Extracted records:
■ ■ ■ ■

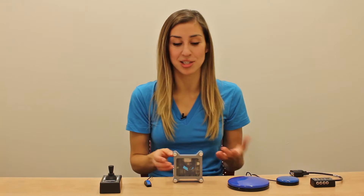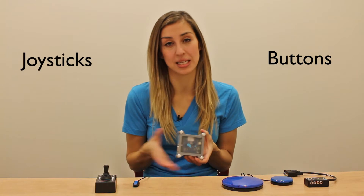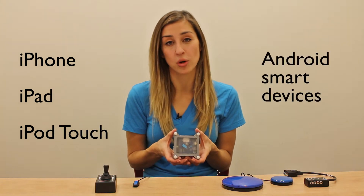Hi, I'm Elise and I'd like to introduce you to the Tecla Shield, a device that connects users with limited upper body mobility to touch screen devices. This is the Tecla Shield, which we use to wirelessly link to our accessibility switches like buttons or wheelchair driving controls like joysticks, sip and puff controllers, head arrays, to your iPhone, iPad, iPod touch, or Android smart devices.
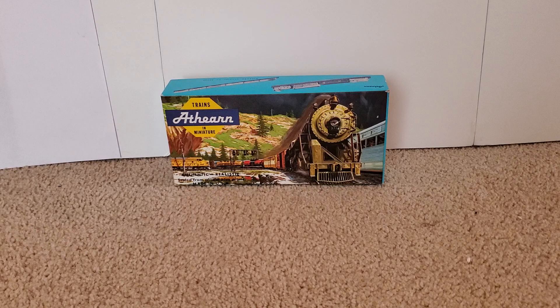Now, of course, if you've read the description and the title of the video, you know what it is at this point, but for those who don't, you're really going to enjoy this if you're a fan of the Western Maryland Railway. This might not be a completely accurate model or a very realistic model, but it is something I guarantee a lot of you have never seen before, because it is a custom-made item. So, without further ado, let's take a look at it.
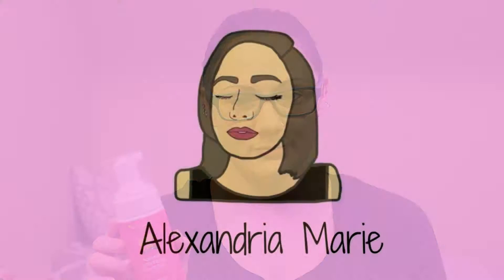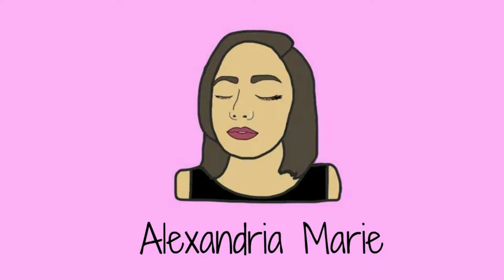Hi guys and welcome back to my channel. Today we are going to be trying out a waterless shampoo. This is the Natural Waterless Shampoo in the scent Rosemary by Shampoo 360. I did purchase this from MimiBox.com for $3.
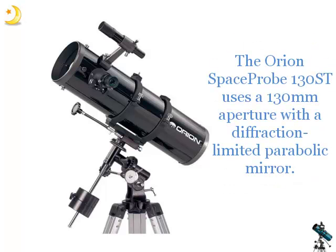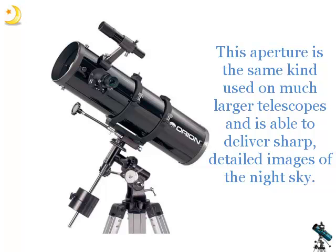The Orion Space Probe 130ST uses a 130mm aperture with a diffraction-limited parabolic mirror. This aperture is the same kind used on much larger telescopes, and is able to deliver sharp, detailed images of the night sky.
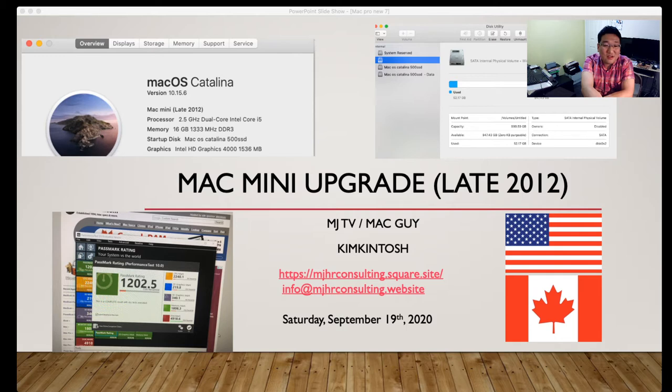Because this machine only supports Thunderbolt 2 or the Mini DisplayPort, you can go to Amazon.ca or eBay to purchase a Thunderbolt 2 style adapter, or a Thunderbolt 3 with a converter. That way you can run an external GPU for this machine.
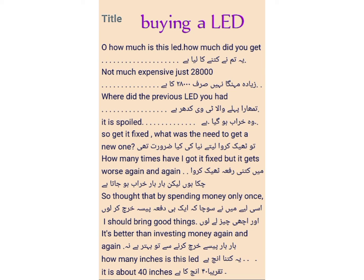ये कितना इंच है — how many inches is this LED? तकरीबन 40 inch का है — it is about 40 inches. The word 'about' is used here for 'तकरीबन.' To ask about the size — how many inches is this LED?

■ ■ ■ ■

**Exercise goal**
Write the entries above out again exactly, but not the pictures.

**Your response**
Hi, I'm Elise and I'd like to introduce you to the Tecla Shield, a device that connects users with limited upper body mobility to touch screen devices. This is the Tecla Shield, which we use to wirelessly link to our accessibility switches like buttons or wheelchair driving controls like joysticks, sip and puff controllers, head arrays, to your iPhone, iPad, iPod touch, or Android smart devices.
Now, of course, if you've read the description and the title of the video, you know what it is at this point, but for those who don't, you're really going to enjoy this if you're a fan of the Western Maryland Railway. This might not be a completely accurate model or a very realistic model, but it is something I guarantee a lot of you have never seen before, because it is a custom-made item. So, without further ado, let's take a look at it.
Hi guys and welcome back to my channel. Today we are going to be trying out a waterless shampoo. This is the Natural Waterless Shampoo in the scent Rosemary by Shampoo 360. I did purchase this from MimiBox.com for $3.
The Orion Space Probe 130ST uses a 130mm aperture with a diffraction-limited parabolic mirror. This aperture is the same kind used on much larger telescopes, and is able to deliver sharp, detailed images of the night sky.
Because this machine only supports Thunderbolt 2 or the Mini DisplayPort, you can go to Amazon.ca or eBay to purchase a Thunderbolt 2 style adapter, or a Thunderbolt 3 with a converter. That way you can run an external GPU for this machine.
ये कितना इंच है — how many inches is this LED? तकरीबन 40 inch का है — it is about 40 inches. The word 'about' is used here for 'तकरीबन.' To ask about the size — how many inches is this LED?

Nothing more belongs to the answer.